All reviewed patches have been landed. Closing bug.

(In reply to Chris Dumez from comment #3) > (In reply to comment #2) > > Does this expose additional information that is not already available to > > pages? > > I believe so, I think we've only exposed the first language so far. Chrome > and firefox already support this though. This completely destroys the purpose of the navigator.languages, in our case the user might have selected English as the default but previously he had Deutsch selected, and our app would like to display Deutsch as the selected language, that's working fine in Chrome, but in Safari that's broken, are there any plans to list the "preferred languages" properly in navigator.languages?

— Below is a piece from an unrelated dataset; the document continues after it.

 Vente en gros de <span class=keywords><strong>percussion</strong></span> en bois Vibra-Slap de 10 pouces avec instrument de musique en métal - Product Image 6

(In reply to Angjelko Miloshevski (Jack) from comment #15) > (In reply to Chris Dumez from comment #3) > > (In reply to comment #2) > > > Does this expose additional information that is not already available to > > > pages? > > > > I believe so, I think we've only exposed the first language so far. Chrome > > and firefox already support this though. > > This completely destroys the purpose of the navigator.languages, in our case > the user might have selected English as the default but previously he had > Deutsch selected, and our app would like to display Deutsch as the selected > language, that's working fine in Chrome, but in Safari that's broken, are > there any plans to list the "preferred languages" properly in > navigator.languages? It seems unlikely given the fingerprinting surface it introduces.